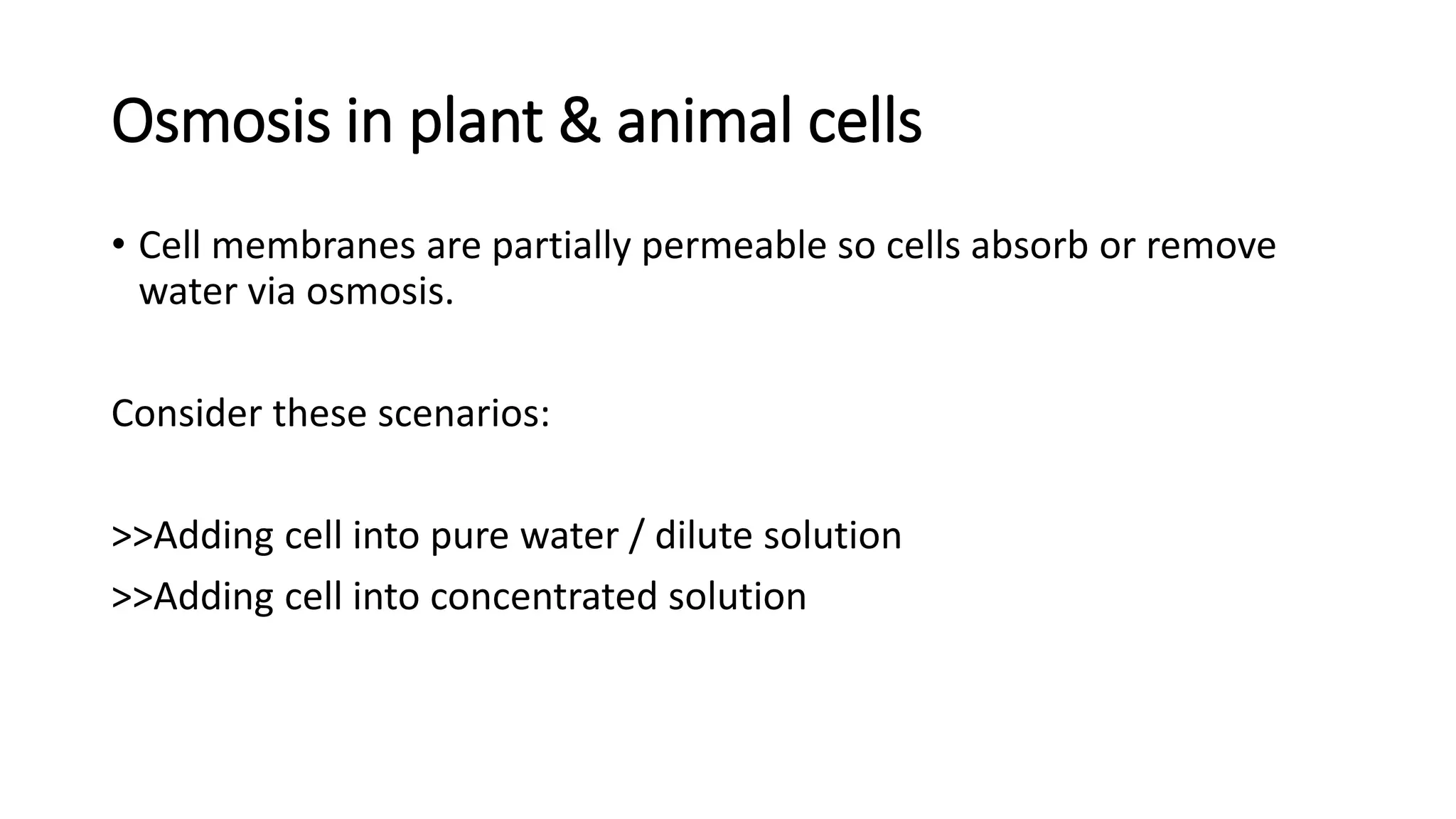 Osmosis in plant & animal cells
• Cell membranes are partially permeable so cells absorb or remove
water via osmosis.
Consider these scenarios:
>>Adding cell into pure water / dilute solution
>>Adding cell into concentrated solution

> _WHAT YOU HAVE TO DO_: All lines that hold the word "water" should be copied from the data.

> _WRITTEN SOLUTION_:
water via osmosis.
>>Adding cell into pure water / dilute solution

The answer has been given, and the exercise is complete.